Originally Posted by jjsjjsva
I need to replace the heater core in a 1986 2WD SR5 X-Cab. Anyone done this? Do you have to remove the whole dash or can you just remove the front center stack (if that is even possible).
Any helpful suggestions would be greatly appreciated. Thanks
Yes, the dash has to come out. I'd take the seat(s) out also. It makes it much easier. I've done mine twice ('86). Mine didn't have AC. The core is encased. The ducting connects to the case. I took the complete dash out including the dash pad. This gave me an opportunity to replace all of the foam gaskets that seal the ductwork where ever it connects. I cleaned off the original foam with alcohol, or what was left of it as it had disintegrated. I used a roll of 3/4 by 1/4 foam from Home Depot. I had much better air pressure afterward. That really helped with defrosting.
*Hint: to remove the dash pad you'll need to remove the far right vent. You have to pop out the vane and depress the four metal clips in order to remove the vent. This is the only way to access the 10mm nut that holds the dash pad to the body.
When you do a new heater core, you'll also need to replace two O rings that connect the core flanges to the two lead out pipes that go through the firewall.
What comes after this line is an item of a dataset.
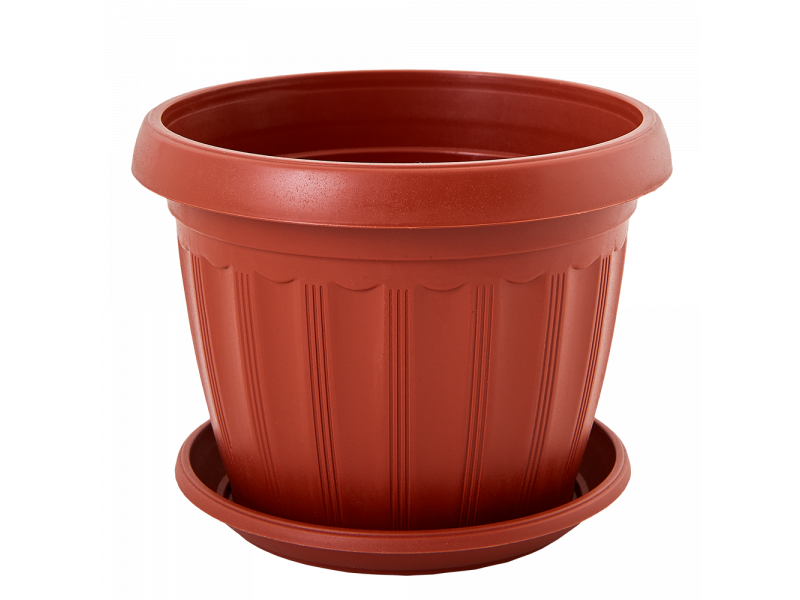 Вазон для квітів з подставкою "Терра" 0,35л 10*8см (теракот)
There are also two circular clips that clinch the pipes to the core flanges that should be repalced also. Those are dealer items. Give your VIN to the parts counter at Toyota and they'll give you the correct clips and O rings.
There are a number of cables that connect to the core case. They're held in place by a toothed clip. Before you unclip them, mark them with a Sharpie so that they can be put back in the exact position. If you don't, you'll be dicking around with them in order to get the duct doors to open or close properly or in coordination. It's a headache you don't need when you think that you've finished.
It's a bitch to do the first time. Expect to spend a good 6 hours. Take some digital phots as you dis-assemble. It helps for re-assembly. There are a shitload of screws holding the whole joint together. Have a few different containers for different screws.